### Exercise directions
Reproduce the lines below exactly. Skip images.

(Available records begins)

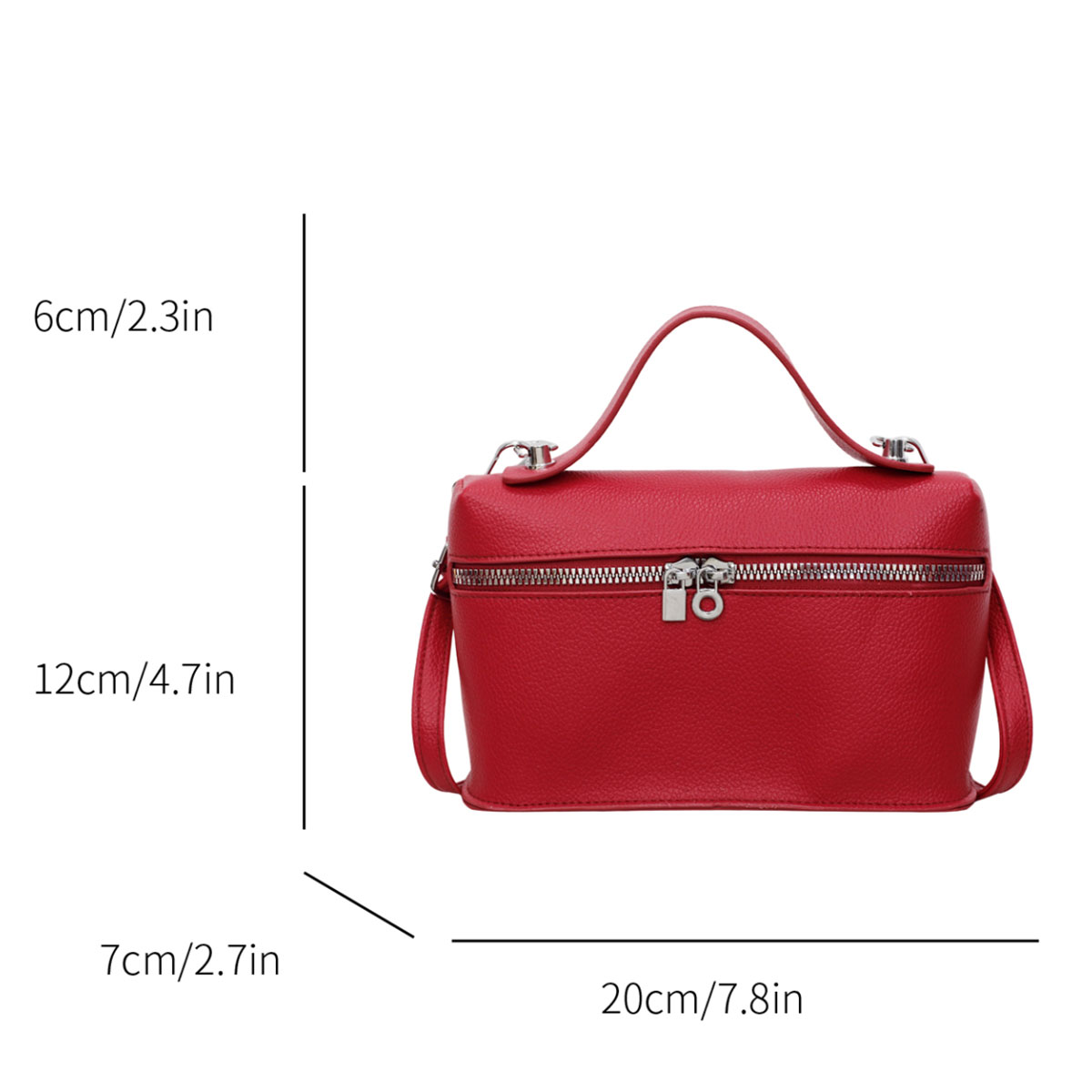 حقيبة مربعة بتصميم بسيط وعصري  - مراجعة Edc Carry Bag وسعره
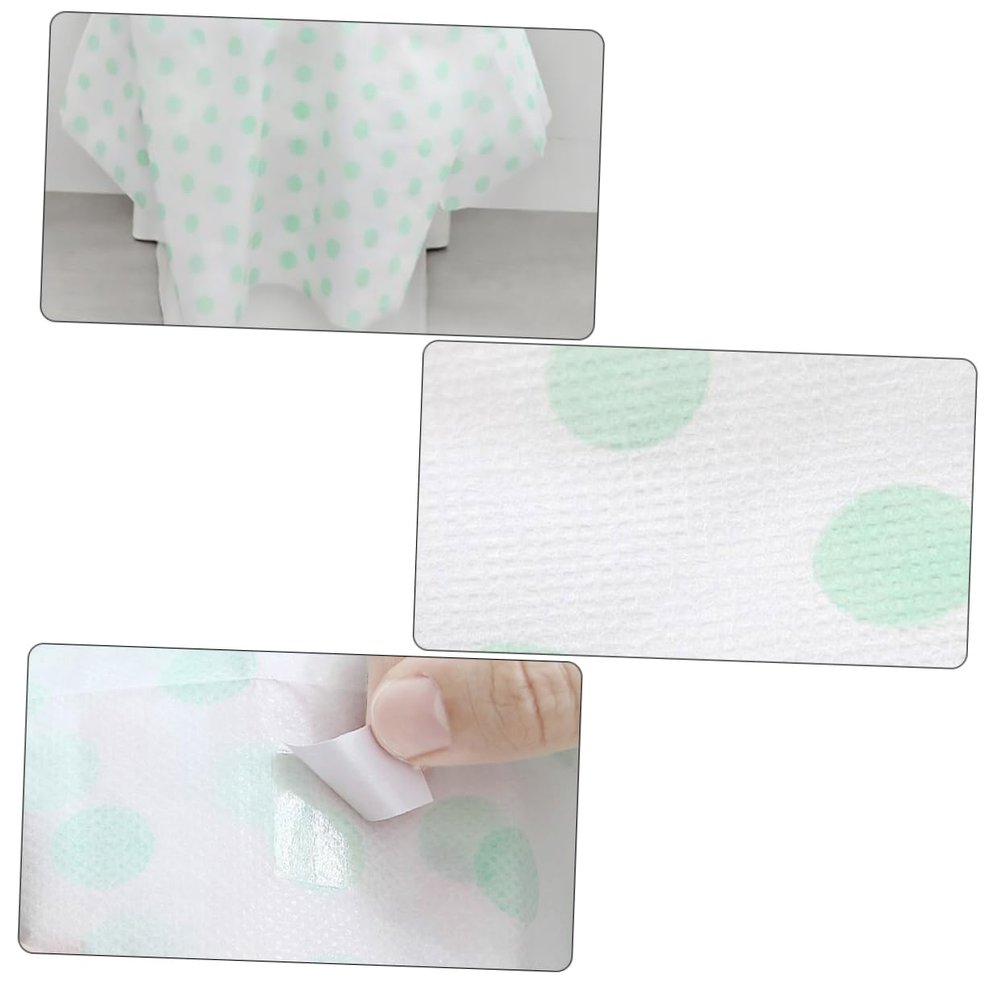 BUGUUYO 14pcs Toilet Cover Toilet Seat Cover Dispoable Potty Seat Gentle Skin-friendly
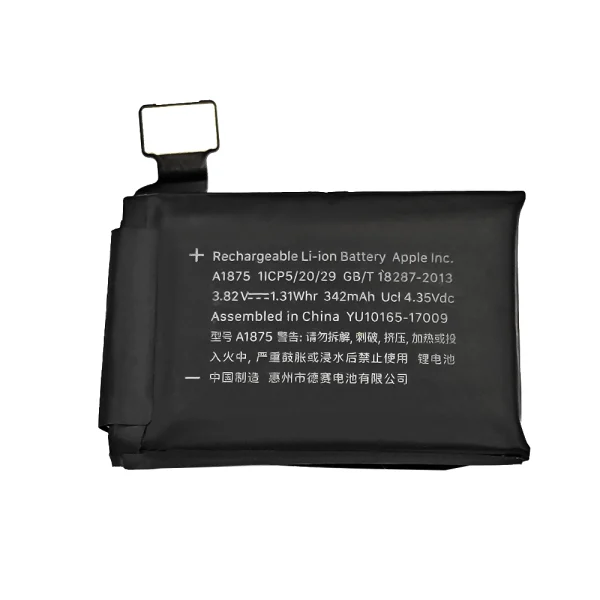 بطارية بديلة A1875 ينطبق على Apple Watch Series 3 GPS (42mm)
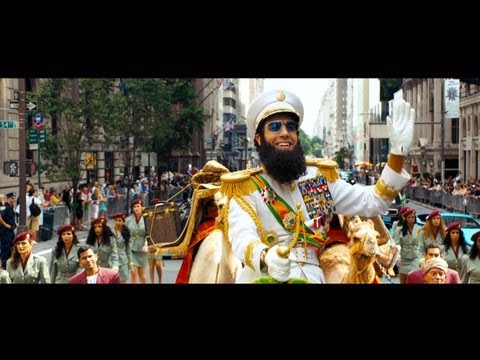 the dictator bande annonce vf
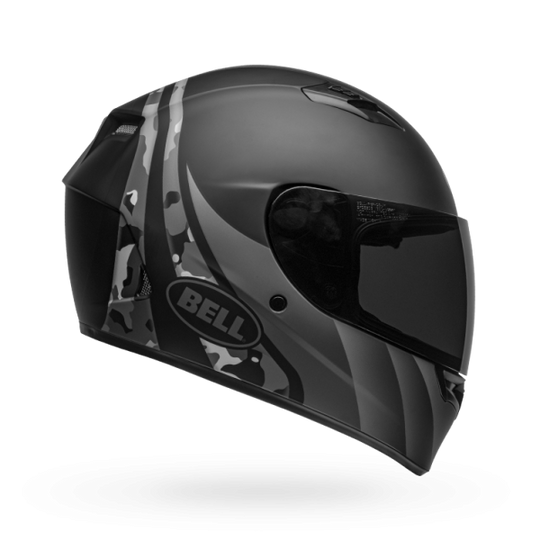 Bell Qualifier Integrity Matt Black Titanium Camo Helmet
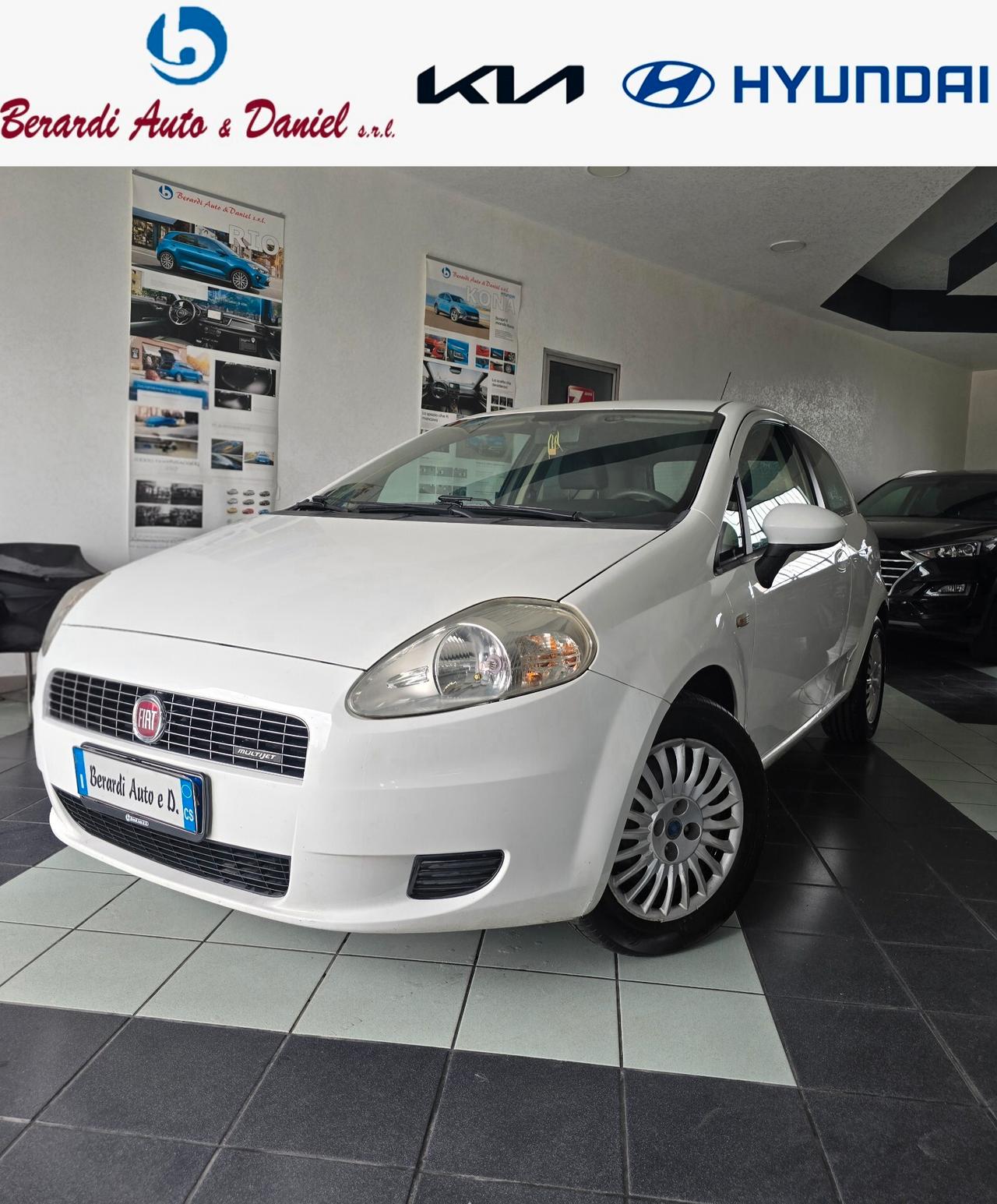Fiat Grande Punto 1.3 MJT 75 CV 5 porte Dynamic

(Available records ends)

### Answer to this problem
 حقيبة مربعة بتصميم بسيط وعصري  - مراجعة Edc Carry Bag وسعره
 BUGUUYO 14pcs Toilet Cover Toilet Seat Cover Dispoable Potty Seat Gentle Skin-friendly
 بطارية بديلة A1875 ينطبق على Apple Watch Series 3 GPS (42mm)
 the dictator bande annonce vf
 Bell Qualifier Integrity Matt Black Titanium Camo Helmet
Fiat Grande Punto 1.3 MJT 75 CV 5 porte Dynamic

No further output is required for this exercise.